[Dataset entries]
_ _ _ _ _ _ _
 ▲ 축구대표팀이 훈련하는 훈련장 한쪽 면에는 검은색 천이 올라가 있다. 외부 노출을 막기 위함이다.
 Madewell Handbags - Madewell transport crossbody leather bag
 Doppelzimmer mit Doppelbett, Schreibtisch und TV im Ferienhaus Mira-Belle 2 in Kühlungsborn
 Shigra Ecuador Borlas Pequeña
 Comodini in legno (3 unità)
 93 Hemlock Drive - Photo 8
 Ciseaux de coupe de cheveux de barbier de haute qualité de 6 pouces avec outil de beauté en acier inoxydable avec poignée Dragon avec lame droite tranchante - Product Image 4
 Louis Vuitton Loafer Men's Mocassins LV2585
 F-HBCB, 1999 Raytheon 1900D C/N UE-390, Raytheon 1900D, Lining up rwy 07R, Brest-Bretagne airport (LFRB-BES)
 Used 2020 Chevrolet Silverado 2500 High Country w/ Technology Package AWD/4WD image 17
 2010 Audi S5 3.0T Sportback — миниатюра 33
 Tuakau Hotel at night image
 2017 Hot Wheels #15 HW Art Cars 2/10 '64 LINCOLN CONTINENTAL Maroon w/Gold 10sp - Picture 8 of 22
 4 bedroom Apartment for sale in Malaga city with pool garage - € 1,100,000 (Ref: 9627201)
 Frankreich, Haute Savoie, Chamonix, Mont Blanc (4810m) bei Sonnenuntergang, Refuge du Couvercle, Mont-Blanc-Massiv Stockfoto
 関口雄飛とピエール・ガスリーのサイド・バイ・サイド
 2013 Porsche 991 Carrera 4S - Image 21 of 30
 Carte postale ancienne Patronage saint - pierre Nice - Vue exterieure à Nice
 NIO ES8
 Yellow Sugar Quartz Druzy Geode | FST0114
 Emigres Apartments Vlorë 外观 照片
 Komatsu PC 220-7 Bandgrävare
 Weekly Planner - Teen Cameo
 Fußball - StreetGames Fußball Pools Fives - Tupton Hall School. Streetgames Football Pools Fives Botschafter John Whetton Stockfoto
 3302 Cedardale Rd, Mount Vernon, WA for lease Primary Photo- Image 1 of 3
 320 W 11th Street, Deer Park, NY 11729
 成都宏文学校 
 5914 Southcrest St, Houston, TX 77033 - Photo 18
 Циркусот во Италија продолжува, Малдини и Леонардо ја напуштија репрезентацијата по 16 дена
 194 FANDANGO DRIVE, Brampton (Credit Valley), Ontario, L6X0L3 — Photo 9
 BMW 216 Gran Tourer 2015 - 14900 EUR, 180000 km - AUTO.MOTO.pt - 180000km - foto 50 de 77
_ _ _ _ _ _ _
• _REQUIRED ACTION_: Those lines of the records that contain the string "Photo" should be identified and copied.

• _REPLY TO THE TASK_:
 93 Hemlock Drive - Photo 8
 3302 Cedardale Rd, Mount Vernon, WA for lease Primary Photo- Image 1 of 3
 5914 Southcrest St, Houston, TX 77033 - Photo 18
 194 FANDANGO DRIVE, Brampton (Credit Valley), Ontario, L6X0L3 — Photo 9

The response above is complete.